Book Review: The Bees by Laline Paull

My friend, who read it before me, described The Bees as odd. And yes, it is very odd. Certainly one of the oddest books I’ve read, and I once read a few pages of a book about an alien time travelling witch with 2 sets of biological parents…. I digress.

It’s odd. The bees themselves live by several languages; scents, telepathy, mind control, dancing, as well as some of them being able to talk. They have a class system, with some higher beings that can be likened to evil sorcerers. It’s brimming with fantasy and dystopian themes which can seem a little bit over the top when packed together in one little hive. They are bees with hands and a fanatical religion. There’s even some forbidden romance in there, unnecessarily. The low point for me was a bee version of the Lords Prayer. At least make their religion a little more unique.

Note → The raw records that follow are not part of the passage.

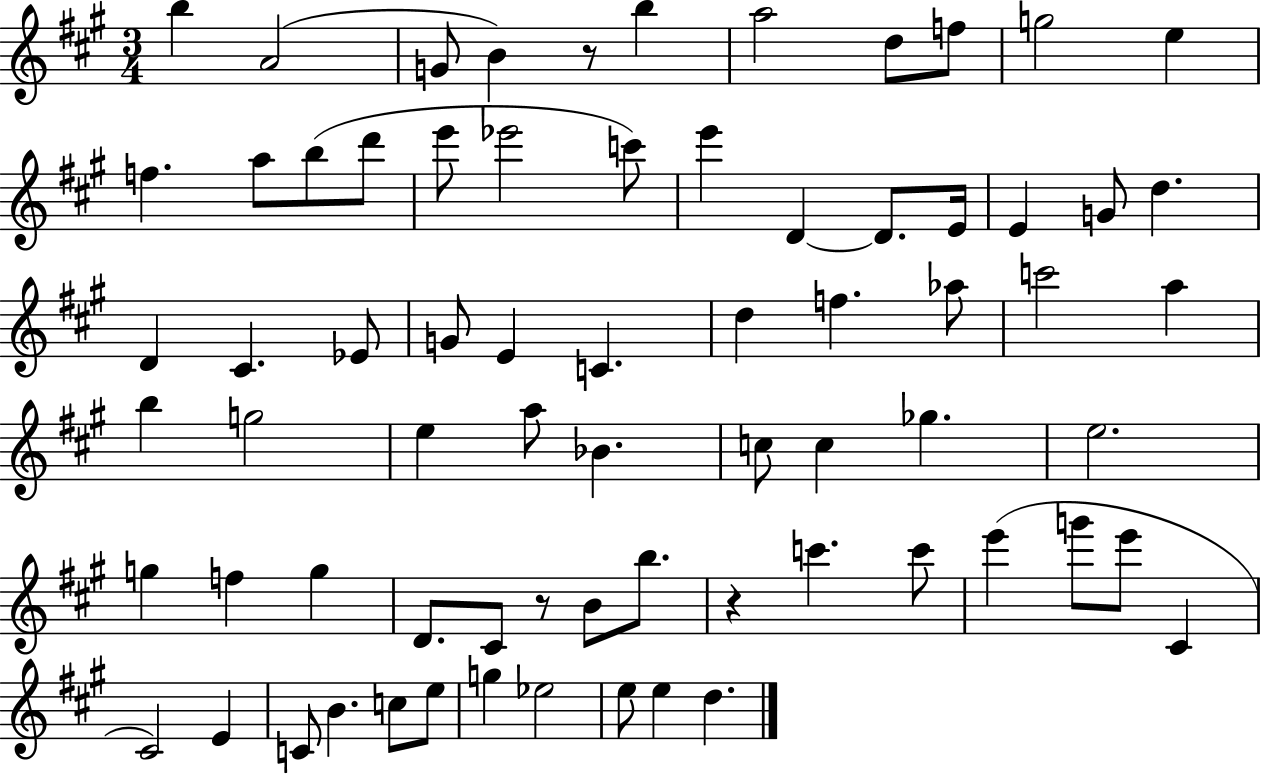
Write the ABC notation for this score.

X:1
T:Untitled
M:3/4
L:1/4
K:A
b A2 G/2 B z/2 b a2 d/2 f/2 g2 e f a/2 b/2 d'/2 e'/2 _e'2 c'/2 e' D D/2 E/4 E G/2 d D ^C _E/2 G/2 E C d f _a/2 c'2 a b g2 e a/2 _B c/2 c _g e2 g f g D/2 ^C/2 z/2 B/2 b/2 z c' c'/2 e' g'/2 e'/2 ^C ^C2 E C/2 B c/2 e/2 g _e2 e/2 e d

And yet, I really did enjoy this book! All these factors do make it an intense read but not a difficult one. It’s an intense read because you are thrown into a bustling totalitarian alien world. The writing is vivid and fuelled my imagination. It’s beautiful imagery, that helps you appreciate the wonder that is a bee. The heroine is a flora bee, lowest of the low, born with only basic aims initially. Do what you’re told, worship the Queen. Lots happens even within a couple of pages which threw me and made me wonder how the book could be 350 pages long.  She’s a unique special bee (cliche heroine of course) that has many skills that transcend her low class allowing her to rise up through the ranks. And with it a personality and an interesting character emerges whom you want to succeed. It takes you through every part of a hive and every job the various bees must carry out. Mysteries as to how and why the hive works as it does unfold, as does the hidden darkness and control behind the glory of the Queen’s heavenly scent. The fertility police are Orwellian.  Despite the long twisting, at points apparently aimless, plot it follows through to a perfect conclusion that makes it a very satisfying read.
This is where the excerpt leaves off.